AI’s Phoenix Project Moment
In the late Arizona evening of 2018, on a desolate stretch of two lane highway, Elaine Herzberg earned a distinction she never wanted.
In the late Arizona evening of 2018, on a desolate stretch of two-lane highway, Elaine Herzberg earned a distinction she never wanted.
She became the very first pedestrian ever killed by a self-driving car.
She shared a similarly sad fate to a woman 122 years earlier, Bridget Driscoll, who died in 1896 while walking in the late London day at the hands of an earlier experimental technology:
A car.
The general public likes to think of AIs as superhuman and in a way they are superhuman. They can beat the best players in the world of Go or 99% of the players in the world at DOTA 2, a real time strategy game of amazing complexity.
But that doesn’t make them perfect. Even the most advanced AIs today make bad mistakes, including mistakes that most people would find trivially easy to overcome.
When we take AIs of out of the narrow realms of board games and video games and put them into the real world, they face a never-ending list of edge cases and unexpected scenarios. Nowhere is that more apparent than in the high stakes world of autonomous cars where every mistake could mean the difference between life and death.
The list of things that can go wrong for an autonomous vehicle “is almost infinite,” says Luc Vincent, who heads R&D for Lyft’s self-driving car unit.
Lyft found that its cars were slamming on the breaks when they got cut off by other drivers. Another autonomous car company, Zoox, found their cars couldn’t deal with yellow left hand turn signals, because most turn signals are green. They had to bring in artists to paint yellow turn signals to load into their simulation software. Soon Zoox’s cars got a lot better at seeing them in the real world but no matter what you do there is always another edge case.
“It’s a bit like a whack-a-mole. You solve one problem, another might emerge,” said Applied Intuition CEO Qasar Younis, according to CNN’s excellent article on the endless difficulties faced by this “generational type technical challenge.”
Famed roboticist and professor emeritus at MIT, Rodney Brooks, wrote a wonderfully long and detailed post on why he thinks self-driving cars are a lot further away than almost anyone thinks. He lays out dozens of edge cases:
If you went down a narrow one way street that was blocked off by construction is it okay to break the law and back down the one way street?
Could the car handle teenagers pranking and yelling conflicting commands?
Can the car understand hand signals from police or road-side workers?
Can the car recognize a fake street sign that someone put up or a damaged one?
Becoming Duck Aware or the Limits of Machine Reasoning
All of these scenarios are immensely difficult for today’s AIs because they have no deeper contextual awareness or general purpose abstract reasoning. Contextual AI is the bleeding edge of AI research, which is why it’s got funding from futurist organizations like DARPA.
What makes humans so amazing is how adept we are at abstracting solutions from other problems to brand new problems we’ve never seen. We can study the laws of physics and motion and inertia and build a rocket that’s never existed before and land it on the moon the very first time.

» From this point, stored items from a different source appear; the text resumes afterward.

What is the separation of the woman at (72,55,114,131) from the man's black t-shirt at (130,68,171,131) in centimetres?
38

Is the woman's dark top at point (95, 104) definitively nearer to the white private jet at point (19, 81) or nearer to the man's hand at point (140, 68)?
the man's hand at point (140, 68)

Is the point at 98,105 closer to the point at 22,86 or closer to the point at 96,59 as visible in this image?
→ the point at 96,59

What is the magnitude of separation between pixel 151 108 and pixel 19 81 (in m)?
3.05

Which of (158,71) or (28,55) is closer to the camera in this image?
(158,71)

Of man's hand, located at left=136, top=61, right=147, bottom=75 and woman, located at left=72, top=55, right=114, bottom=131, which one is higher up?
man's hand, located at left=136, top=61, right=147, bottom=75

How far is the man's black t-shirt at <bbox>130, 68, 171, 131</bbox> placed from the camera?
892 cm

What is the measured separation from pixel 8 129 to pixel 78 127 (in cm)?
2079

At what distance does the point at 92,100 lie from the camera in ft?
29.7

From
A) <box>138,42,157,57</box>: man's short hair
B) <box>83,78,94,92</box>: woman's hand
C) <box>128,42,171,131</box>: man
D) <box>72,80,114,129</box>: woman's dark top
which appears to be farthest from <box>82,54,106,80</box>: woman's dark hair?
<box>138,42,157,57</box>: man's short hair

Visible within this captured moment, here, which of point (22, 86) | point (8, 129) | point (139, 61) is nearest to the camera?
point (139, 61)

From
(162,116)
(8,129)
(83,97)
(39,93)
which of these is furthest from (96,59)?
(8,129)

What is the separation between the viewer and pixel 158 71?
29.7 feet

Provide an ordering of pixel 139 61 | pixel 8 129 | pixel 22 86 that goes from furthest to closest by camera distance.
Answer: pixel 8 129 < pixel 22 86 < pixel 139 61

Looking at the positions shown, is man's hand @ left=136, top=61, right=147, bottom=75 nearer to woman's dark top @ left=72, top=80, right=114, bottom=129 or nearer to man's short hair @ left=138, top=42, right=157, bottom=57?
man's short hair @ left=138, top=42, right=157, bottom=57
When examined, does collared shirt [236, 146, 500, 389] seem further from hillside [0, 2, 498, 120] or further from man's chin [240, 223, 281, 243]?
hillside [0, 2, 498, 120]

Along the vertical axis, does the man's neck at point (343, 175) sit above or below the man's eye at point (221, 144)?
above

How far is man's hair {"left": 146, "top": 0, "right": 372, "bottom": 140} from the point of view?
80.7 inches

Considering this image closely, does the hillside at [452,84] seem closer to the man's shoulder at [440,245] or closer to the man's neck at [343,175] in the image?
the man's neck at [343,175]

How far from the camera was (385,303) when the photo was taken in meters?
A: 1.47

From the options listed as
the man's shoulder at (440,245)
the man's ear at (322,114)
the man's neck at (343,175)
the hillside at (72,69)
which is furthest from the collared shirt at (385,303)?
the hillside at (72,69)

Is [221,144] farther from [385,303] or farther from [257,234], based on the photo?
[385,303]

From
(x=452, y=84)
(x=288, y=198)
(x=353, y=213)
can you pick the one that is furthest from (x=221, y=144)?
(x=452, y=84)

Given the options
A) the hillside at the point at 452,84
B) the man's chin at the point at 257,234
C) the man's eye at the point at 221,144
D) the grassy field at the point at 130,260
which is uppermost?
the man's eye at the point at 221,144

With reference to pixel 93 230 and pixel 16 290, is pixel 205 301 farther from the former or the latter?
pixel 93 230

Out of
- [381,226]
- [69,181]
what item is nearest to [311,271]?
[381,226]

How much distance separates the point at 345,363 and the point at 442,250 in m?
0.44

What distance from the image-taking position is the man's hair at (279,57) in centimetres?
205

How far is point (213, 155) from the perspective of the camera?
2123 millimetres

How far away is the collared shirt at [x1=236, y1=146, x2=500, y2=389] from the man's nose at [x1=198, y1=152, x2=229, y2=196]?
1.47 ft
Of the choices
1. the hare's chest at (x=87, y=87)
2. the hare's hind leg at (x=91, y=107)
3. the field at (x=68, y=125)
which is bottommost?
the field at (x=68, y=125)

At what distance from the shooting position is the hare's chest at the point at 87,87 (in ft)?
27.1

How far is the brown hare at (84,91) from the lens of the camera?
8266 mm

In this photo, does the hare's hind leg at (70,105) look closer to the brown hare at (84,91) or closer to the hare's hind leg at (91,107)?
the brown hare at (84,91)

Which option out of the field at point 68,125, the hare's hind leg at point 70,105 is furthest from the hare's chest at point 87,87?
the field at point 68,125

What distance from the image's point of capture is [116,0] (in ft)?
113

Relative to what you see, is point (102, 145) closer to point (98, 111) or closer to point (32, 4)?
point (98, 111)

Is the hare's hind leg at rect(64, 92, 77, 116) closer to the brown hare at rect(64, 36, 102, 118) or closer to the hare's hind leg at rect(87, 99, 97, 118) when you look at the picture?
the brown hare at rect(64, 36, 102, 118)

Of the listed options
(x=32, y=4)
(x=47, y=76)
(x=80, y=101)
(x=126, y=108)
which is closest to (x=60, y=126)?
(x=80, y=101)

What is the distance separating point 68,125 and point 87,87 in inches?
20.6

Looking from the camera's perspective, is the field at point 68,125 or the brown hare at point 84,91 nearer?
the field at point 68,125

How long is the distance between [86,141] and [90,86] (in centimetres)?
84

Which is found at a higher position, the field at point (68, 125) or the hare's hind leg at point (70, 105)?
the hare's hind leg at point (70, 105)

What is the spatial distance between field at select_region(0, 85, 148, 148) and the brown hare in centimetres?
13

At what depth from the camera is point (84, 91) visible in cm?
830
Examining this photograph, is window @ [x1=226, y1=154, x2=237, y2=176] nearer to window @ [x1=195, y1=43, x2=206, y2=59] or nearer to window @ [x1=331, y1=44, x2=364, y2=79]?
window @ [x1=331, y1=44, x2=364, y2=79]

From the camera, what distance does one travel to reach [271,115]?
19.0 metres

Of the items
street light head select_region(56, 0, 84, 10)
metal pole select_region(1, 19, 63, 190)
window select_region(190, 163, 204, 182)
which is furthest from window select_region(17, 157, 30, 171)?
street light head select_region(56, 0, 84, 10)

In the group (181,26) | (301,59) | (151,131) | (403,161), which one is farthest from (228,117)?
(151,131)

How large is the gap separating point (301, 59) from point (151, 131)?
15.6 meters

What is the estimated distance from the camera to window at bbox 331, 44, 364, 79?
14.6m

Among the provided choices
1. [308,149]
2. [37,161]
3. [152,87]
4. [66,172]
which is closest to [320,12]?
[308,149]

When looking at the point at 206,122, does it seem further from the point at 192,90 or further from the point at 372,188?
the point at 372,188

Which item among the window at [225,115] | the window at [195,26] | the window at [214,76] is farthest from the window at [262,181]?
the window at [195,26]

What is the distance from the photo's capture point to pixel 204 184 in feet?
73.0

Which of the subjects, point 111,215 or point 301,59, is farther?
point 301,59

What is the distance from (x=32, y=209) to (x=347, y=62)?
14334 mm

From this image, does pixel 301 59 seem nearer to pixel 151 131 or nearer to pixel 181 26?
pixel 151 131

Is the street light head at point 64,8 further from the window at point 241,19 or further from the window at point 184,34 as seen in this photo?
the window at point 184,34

A convolutional neural net (CNN) can study examples of a rockets but if there are no ready made solutions to building a rocket then it can’t invent one. A CNN that’s never seen a duck won’t suddenly become duck aware.

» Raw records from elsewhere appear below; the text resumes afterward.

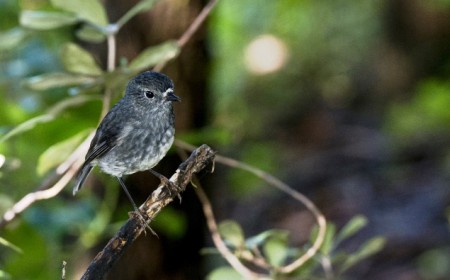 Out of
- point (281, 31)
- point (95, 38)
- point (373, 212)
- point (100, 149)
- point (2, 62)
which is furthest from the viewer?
point (281, 31)

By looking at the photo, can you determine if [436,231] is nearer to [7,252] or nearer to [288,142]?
[288,142]

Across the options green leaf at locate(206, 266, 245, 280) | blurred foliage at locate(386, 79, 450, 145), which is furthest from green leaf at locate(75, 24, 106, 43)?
blurred foliage at locate(386, 79, 450, 145)

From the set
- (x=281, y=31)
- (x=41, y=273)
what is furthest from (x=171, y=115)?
(x=281, y=31)

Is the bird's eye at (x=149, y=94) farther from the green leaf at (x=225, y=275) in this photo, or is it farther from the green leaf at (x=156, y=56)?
the green leaf at (x=225, y=275)

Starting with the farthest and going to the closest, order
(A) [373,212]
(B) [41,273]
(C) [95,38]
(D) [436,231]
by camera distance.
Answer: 1. (A) [373,212]
2. (D) [436,231]
3. (B) [41,273]
4. (C) [95,38]

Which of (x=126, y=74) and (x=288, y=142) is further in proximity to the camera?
(x=288, y=142)

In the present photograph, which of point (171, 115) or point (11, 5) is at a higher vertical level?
point (11, 5) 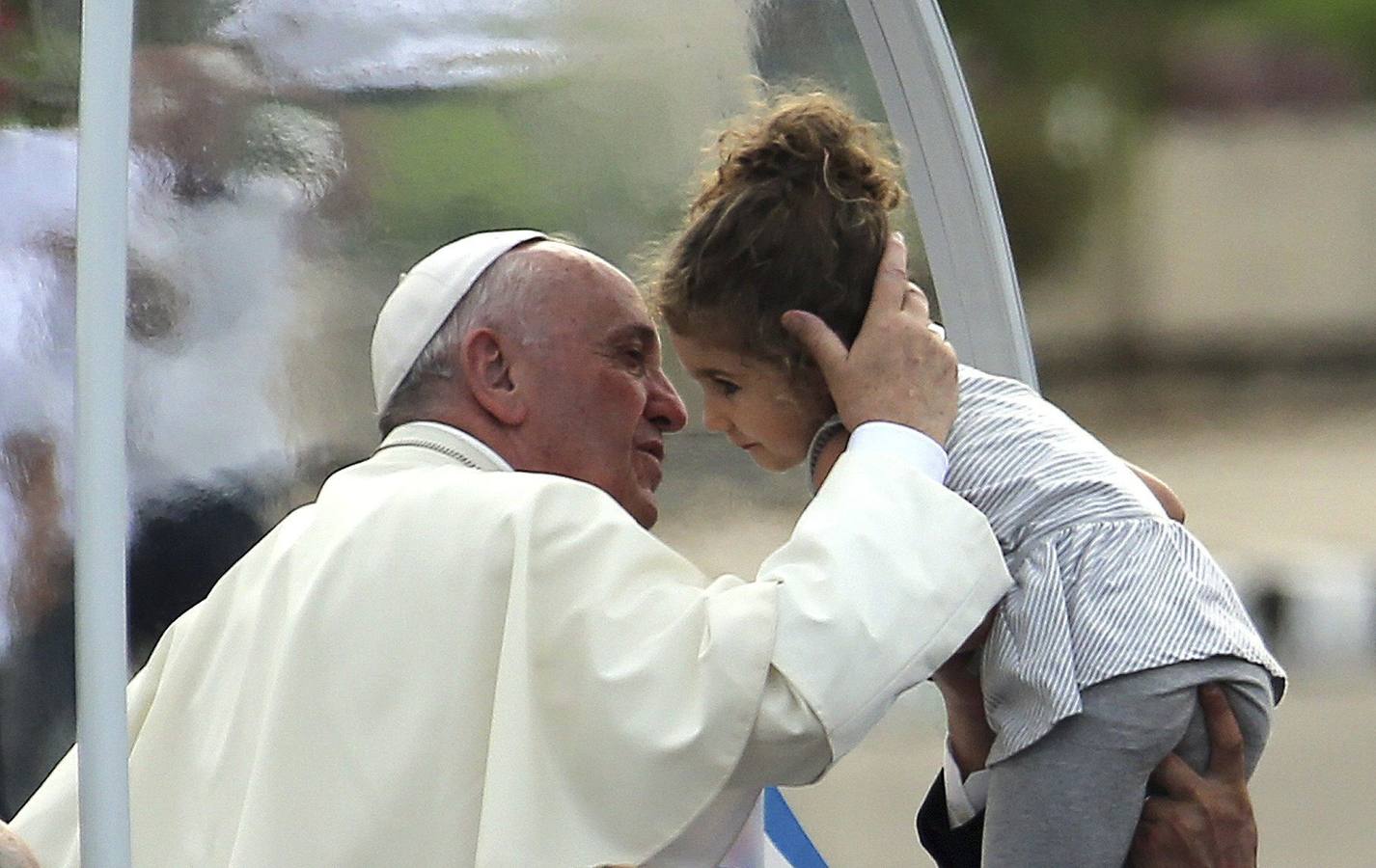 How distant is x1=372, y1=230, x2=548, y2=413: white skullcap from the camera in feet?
9.07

Self-driving cars push the limits of what’s possible. Wildly optimistic predictions that we’d have autonomous vehicles confidently navigating the mean streets of New York City by now are giving way to the reality-check realization that it may take a lot longer than we thought.

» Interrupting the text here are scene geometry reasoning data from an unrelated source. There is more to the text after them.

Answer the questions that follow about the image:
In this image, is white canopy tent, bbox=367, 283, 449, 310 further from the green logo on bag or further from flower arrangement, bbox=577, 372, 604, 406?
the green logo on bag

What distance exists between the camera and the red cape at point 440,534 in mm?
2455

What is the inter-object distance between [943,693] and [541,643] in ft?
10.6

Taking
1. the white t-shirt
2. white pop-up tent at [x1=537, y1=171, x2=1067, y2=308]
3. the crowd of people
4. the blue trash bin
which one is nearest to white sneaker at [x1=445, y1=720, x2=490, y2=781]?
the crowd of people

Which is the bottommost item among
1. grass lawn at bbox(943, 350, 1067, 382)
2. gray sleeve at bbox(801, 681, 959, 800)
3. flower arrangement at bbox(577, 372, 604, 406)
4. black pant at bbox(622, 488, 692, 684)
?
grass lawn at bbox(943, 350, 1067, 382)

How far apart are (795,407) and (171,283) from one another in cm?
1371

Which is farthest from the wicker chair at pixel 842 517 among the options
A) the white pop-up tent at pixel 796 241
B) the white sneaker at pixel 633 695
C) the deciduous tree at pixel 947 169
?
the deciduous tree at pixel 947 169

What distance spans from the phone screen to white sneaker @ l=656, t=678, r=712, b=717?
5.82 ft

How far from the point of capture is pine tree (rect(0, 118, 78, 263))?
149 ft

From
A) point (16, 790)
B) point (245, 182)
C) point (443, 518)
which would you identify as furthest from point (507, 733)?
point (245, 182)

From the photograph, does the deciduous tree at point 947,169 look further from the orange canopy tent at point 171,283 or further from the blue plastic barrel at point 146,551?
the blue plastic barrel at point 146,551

At one level, we’re coming up against the limitations of what deep learning and reinforcement learning can do. At the latest NeurIps, one of AI’s biggest conferences, some of the industry’s brightest stars, including Yoshua Bengio, director of Mila, an AI institute in Montreal, gave a sobering message about the state of AI today:
“We have machines that learn in a very narrow way,” said Bengio. “They need much more data to learn a task than human examples of intelligence, and they still make stupid mistakes.”
Roboticist Rodney goes even further, saying that to have a true level 4 or level 5 self driving car, meaning cars that don’t need a wheel and can drive in anything but the worst weather conditions and make their own decisions, will require something approaching Artificial General Intelligence (AGI). It’s not enough to stitch together a bunch of disconnected neural nets and hope a higher form of understanding will magically appear.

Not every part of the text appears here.